There are so many opportunities for BWI airport to start offering a half-decent menu of international routes - and so many reasons that little may come of them.
The biggest opportunity begins next month. Starting March 28, the Open Skies Agreement lets airlines fly to the United States from any European airport and allows U.S. carriers to land anywhere in the European Union. The deal scraps decades of red tape and exponentially multiplies the trans-Atlantic options of airports.
No airport seems better poised to benefit than Baltimore-Washington International Thurgood Marshall, which is No. 1 in my unscientific ranking of great airports with underused international terminals that are near jillions of people who want to use them.
Alas, what diplomats have given, economics, inertia and another layer of regulation withhold. BWI will have good overseas offerings someday. But, says BWI marketing chief James G. Walsh, "We don't expect Open Skies to be revolutionary. We expect it to be evolutionary."
Revolution made BWI. From People Express in the 1980s to AirTran Airways and Southwest Airlines today, the airport built traffic with insurgent, low-fare fleets.
Now deregulation has prompted a European airline uprising, and what better American beachhead for the new guys than Baltimore? BWI is wooing the likes of Ryanair, EasyJet and other European versions of Southwest.
Other than Ryanair, Walsh wouldn't reveal which airlines have gotten BWI flowers and candy. Ryanair boss Michael O'Leary has said he wants to start trans-Atlantic service by 2010 or so, possibly to BWI or Providence, R.I. It's fair to assume other European carriers have the same idea.
Southwest, which accounted for more than half of BWI's traffic last year, is looking toward Europe itself. In June Southwest boss Gary C. Kelly said the company might offer "code-sharing" (booking passengers on multiple airlines with one transaction) to Europe in a few years.
Open Skies will allow code-sharing on British Airways' London-Baltimore route, BWI's only European offering. That could generate new BWI traffic, says John Byerly, who negotiated the Open Skies deal for the State Department. AirTran, BWI's No. 2 airline, recently upgraded its computers for international code sharing.
Problem: Planes for new trans-Atlantic routes are hard to come by. Ryanair and Southwest fly Boeing 737s, which generally can't hop the pond.

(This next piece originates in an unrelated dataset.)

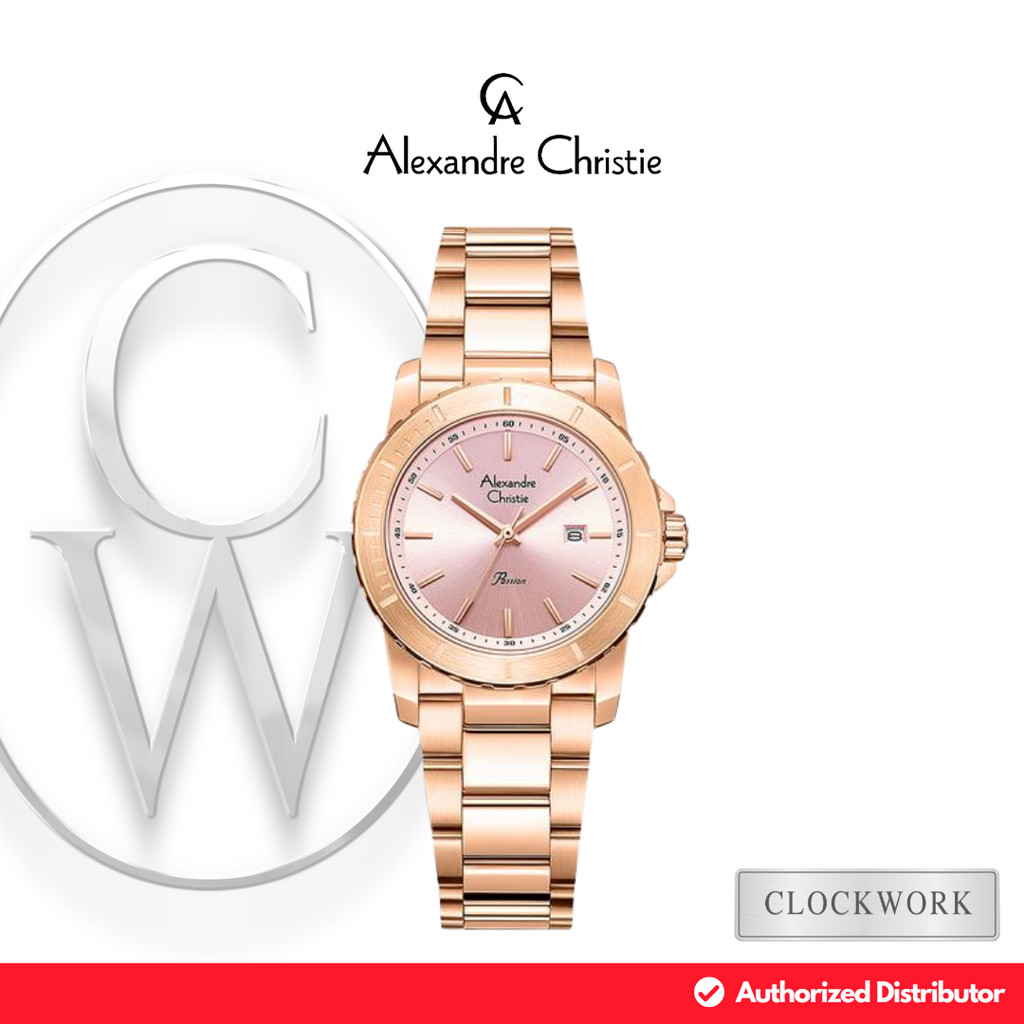 Jam Tangan Wanita Alexandre Christie AC 6141 LDBRGLK Rantai Sporty Simple Rosegold dial Pink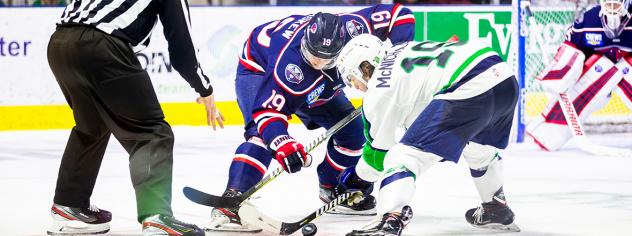 South Carolina Stingrays forward Cameron Askew (left) faces off with the Maine Mariners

Asian airlines have largely locked up Boeing's and Airbus' production of transoceanic planes through 2014 or so, says Walsh.
Even if he could get them, Kelly has characterized a trans-Atlantic venture with Southwest planes as "higher-risk and therefore perhaps a little further out." Ryanair tried to solve the long-haul plane shortage by bidding for Aer Lingus, in which it already owns a minority stake. But regulators blocked a deal. (Aer Lingus dumped BWI for Dulles.)
Existing trans-Atlantic carriers are already locked in with U.S. partners, and those partners don't use BWI. A boost in demand for European travel might make BWI more attractive, but at the moment the opposite is happening. High fuel prices have made any travel expensive, and the cheap dollar makes Europe even more expensive when you get there.
A true open-skies treaty - the kind that allows European airlines to buy U.S. carriers and rejigger the whole system - is years or decades away. Even if international travel doubles from current levels, Dulles will always be a formidable BWI competitor because it has practically limitless room to expand.
"I think there are possibilities" for international growth at BWI, says diplomat Byerly, who lives in Bolton Hill and would probably like nothing better than to pop over to the local airport for his next transoceanic flight.
Legally, the Open Skies agreement allows you to fly straight from BWI to Paris or Athens, Greece. Practically, Byerly and most other European travelers will be taking the endless, dismal trip to Dulles for the foreseeable future.